On the contrary, Anton Gonnissen is an accomplished modern day adventurer who has finished three Dakars, four Rallies of Egypt, and one UAE desert rally variously in car, truck and on a quadbike. He is taking this bold venture very seriously and intends to make the impossible journey possible, using all his experience from his previous adventures.
Gonnissen eventually found one of the very few Mototri Contal’s left in the world together with its original manual and went about making the necessary study of the antique machine following a structural test by Ghent University. Some improvements have been made to the chassis, wheels and engine, although, as with the original Mototri Contal, there is no rear suspension together with the 1906 crude springing still on the front. The navigator will sit over the front axle perched out front in what has long been christened the ‘suicide seat’, or as the French said: ‘le tue belle-mère’.
Brave navigator, Belgian Herman Gelan (right), an interior architect from Ghent, will be in that seat perched out front as Foucauld was all those years ago. Herman is an accomplished triathlon and marathon runner, a passion he shares with Anton. However, he is being thrown in at the deep end as this will be his first motor sport event, he is a total novice.
Anton Gonnissen will be behind him steering the trike from over the rear wheel for 36 days, 13,840 kms (8,600 miles) aiming to finish in Paris six weeks later. The only concession to comfort for the endurance rally specialist from Belgium is a Harley Davidson saddle in place of the original bottom crusher.
Anton Gonnissen (right) said, “The story for Auguste Pons was a short one. Stranded without petrol early in the race they couldn’t be rescued by the other competitors as they were ahead of them.
“They ended up drinking the water out of the radiator, and then started their perilously long walk back to Peking in the heat. They nearly died and the Contal is still out there covered by sand somewhere.
“Auguste Pons and navigator Oscar Foucauld were the only men not to eventually make it back to Paris so we intend to lay that ghost to rest and exorcise their long lost spirits. Pons was certainly the bravest of the five competitors in the race, as he attempted the absolute impossible race. He lost everything in the Gobi Desert, even his 1906 driving licence was left in the trike when the Contal was abandoned. However, we did find his 1908 replacement document.
“As it is one of the few original Mototri Contal, we have tried to keep as many original parts as possible which is why some components of the original trike will be in place. In some cases we have simply had to beef up the chassis with the endurance rally and the finish in mind.

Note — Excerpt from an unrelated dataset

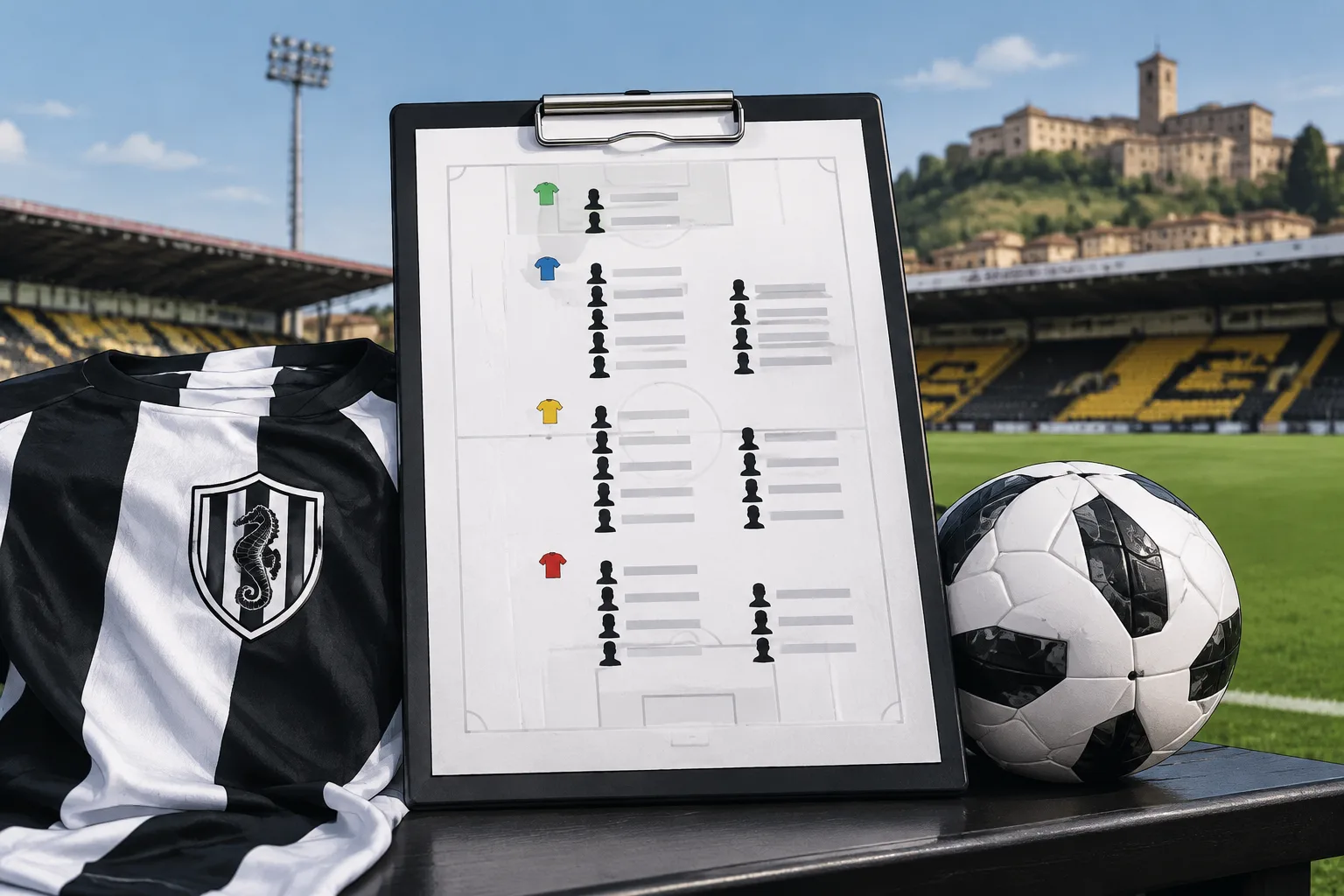 Benevento-Cesena: Cesena comunica 24 convocati per la trasferta al Vigorito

“We are nearly ready to start testing the Mototri Contal which has to be ready to be shipped to China in early March. We want to be prepared but I am not underestimating the formidable challenge ahead. We know this will be a life changing event, but it could turn us, ordinary men, into heroes if we can get the Mototri Contal all the way to Paris and finish the job for Auguste Pons 112 years on.”